System Design Interview: API Gateway (Kong / AWS API Gateway)

⏱ 8 min read

What Is an API Gateway?

An API gateway is the single entry point for all client requests to a microservices backend. Instead of clients knowing the addresses of 50 microservices, they call one gateway endpoint. The gateway handles cross-cutting concerns — authentication, rate limiting, request routing, SSL termination, request/response transformation, and observability — so individual services do not need to implement them repeatedly. Major implementations: Kong (open-source, Nginx-based), AWS API Gateway, Google Cloud Apigee, and Nginx Plus.

Core Responsibilities

Request routing: match incoming URL pattern to the appropriate backend service
Authentication and authorization: validate JWT tokens, API keys, or OAuth scopes before forwarding
Rate limiting: enforce per-client request quotas to prevent abuse
SSL/TLS termination: decrypt HTTPS at the gateway; backend services communicate over HTTP inside the private network
Load balancing: distribute requests across multiple instances of each backend service
Request transformation: modify headers, rewrite URLs, translate between REST and gRPC
Circuit breaking: stop forwarding to a failing service to prevent cascade failures
Observability: collect request logs, metrics, and distributed traces centrally

Request Routing

Routes are defined as rules: (HTTP method, URL pattern) -> backend service. Examples: GET /api/v1/users/** -> user-service, POST /api/v1/orders -> order-service, GET /api/v1/products/** -> catalog-service. Routes are matched in priority order (most specific first). The gateway maintains a route table loaded from a configuration store (etcd, Consul, or the gateway control plane). Dynamic routing without restart is critical for zero-downtime deployments. Canary routing: send 5% of traffic to new-service-v2 and 95% to new-service-v1 based on a random hash or header value — the gateway makes this trivial to configure.

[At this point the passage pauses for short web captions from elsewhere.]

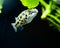 Freshwater aquarium fish - Spotted green pufferfish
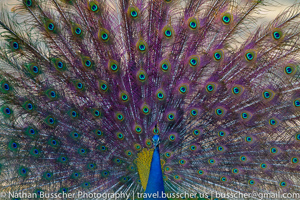 peacock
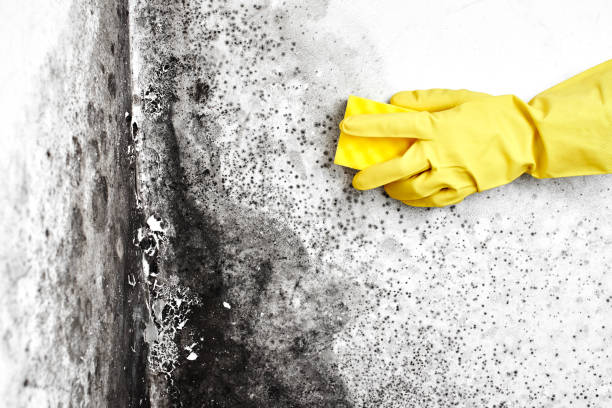 Best Mold Removal Near Me  in Wellsville, KS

Authentication at the Gateway

The gateway authenticates every request before forwarding to backend services. JWT validation: the gateway checks the Authorization header, verifies the JWT signature against the public key (fetched from the identity provider JWKS endpoint), checks expiry and audience claims, then forwards the validated claims as headers (X-User-ID, X-User-Role) to the backend. Backend services trust these headers and do not re-validate the token. This eliminates redundant crypto operations across every service. API key validation: the gateway looks up the API key in a Redis cache (populated from the key management database) — a cache hit returns the associated tenant ID and permissions in sub-millisecond time.

Rate Limiting

Rate limiting at the gateway protects backend services from overload and prevents API abuse. Token bucket algorithm: each client has a bucket with capacity C tokens. Tokens refill at rate R per second. Each request consumes one token. If the bucket is empty, the request is rejected with HTTP 429. State is stored in Redis with atomic Lua scripts to handle concurrent requests correctly. For a distributed gateway (multiple instances), all instances share the same Redis counter — a single source of truth prevents bypass via round-robin to different gateway nodes. Sliding window counter is more accurate than fixed window (no burst at window boundary) — store request counts per second in a Redis hash and sum the last 60 entries for a per-minute limit.

Circuit Breaker Pattern

A circuit breaker wraps calls to a backend service and monitors failure rates. Three states: CLOSED (normal — requests pass through), OPEN (service is failing — requests fail fast without forwarding, return 503), HALF-OPEN (testing — a single probe request is sent; if it succeeds, transition to CLOSED; if it fails, back to OPEN). The gateway tracks error rate per backend service over a rolling window (e.g., more than 50% failures in the last 10 seconds). When the threshold is exceeded, the circuit opens. Benefits: prevents cascade failures (a slow database does not cascade into all services timing out and queuing requests), provides immediate feedback to clients instead of waiting for timeouts, and gives the failing service time to recover without traffic pressure.

Observability

The gateway is the ideal place to collect unified observability data: (1) Access logs: every request — method, URL, status code, latency, client IP, user ID — written to stdout and aggregated by a log shipper (Filebeat, Fluentd) into Elasticsearch. (2) Metrics: requests per second, error rate, and p99 latency per route, exported in Prometheus format. (3) Distributed traces: the gateway generates a trace ID for each request and injects it as a header (X-Trace-ID, traceparent). Backend services propagate this header and report their spans to the trace collector (Jaeger, Zipkin, DataDog APM). The result is a full end-to-end trace from gateway to database without any client-side instrumentation.

Interview Tips

Start with the list of cross-cutting concerns — authentication, rate limiting, routing, observability
JWT validation at the gateway (not per-service) eliminates redundant crypto — a strong detail
Circuit breaker three states (closed/open/half-open) is commonly tested
Distributed rate limiting requires Redis shared state — mention this explicitly
Canary routing via the gateway enables zero-risk deployments — shows production thinking

Frequently Asked Questions

What is the role of an API gateway in microservices architecture?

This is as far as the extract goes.